- **Assignment**
Write out the whole listing exactly; no images belong in it.

- **Data provided**
⟨

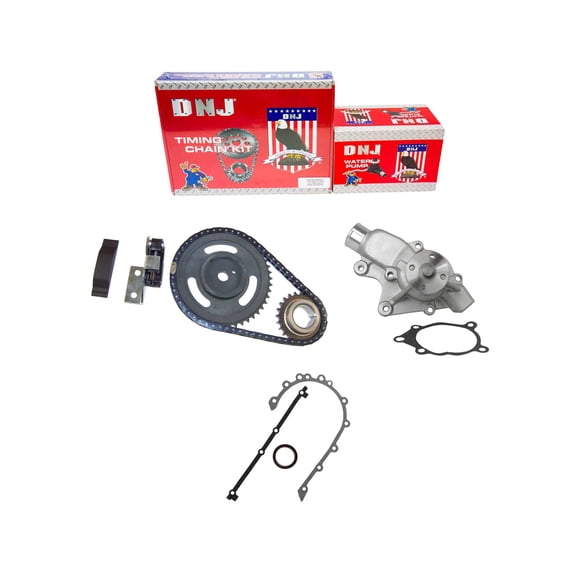 DNJ TK1122WP Timing Chain Kit with Water Pump Fits Cars & Trucks 94-02 Dodge 2.5L L4 OHV 8V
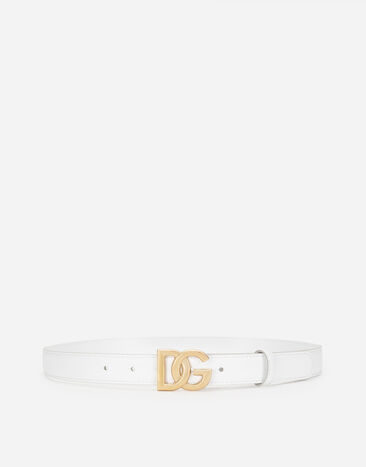 ${brand} Calfskin belt with DG logo ${colorDescription} ${masterID}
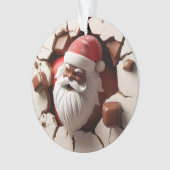 Santa Claus Ornament with Festive Cheer (Vorderseite)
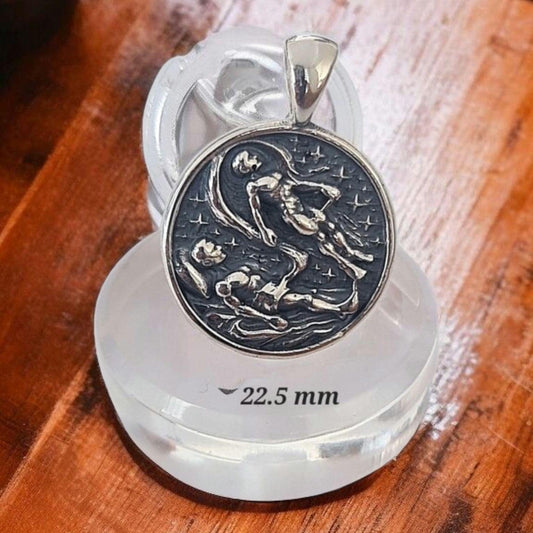 Astral Ascent  Pendant - 925 Sterling Silver Astral Projection Necklace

⟩

- **Task response**
 DNJ TK1122WP Timing Chain Kit with Water Pump Fits Cars & Trucks 94-02 Dodge 2.5L L4 OHV 8V
 ${brand} Calfskin belt with DG logo ${colorDescription} ${masterID}
 Santa Claus Ornament with Festive Cheer (Vorderseite)
 Astral Ascent  Pendant - 925 Sterling Silver Astral Projection Necklace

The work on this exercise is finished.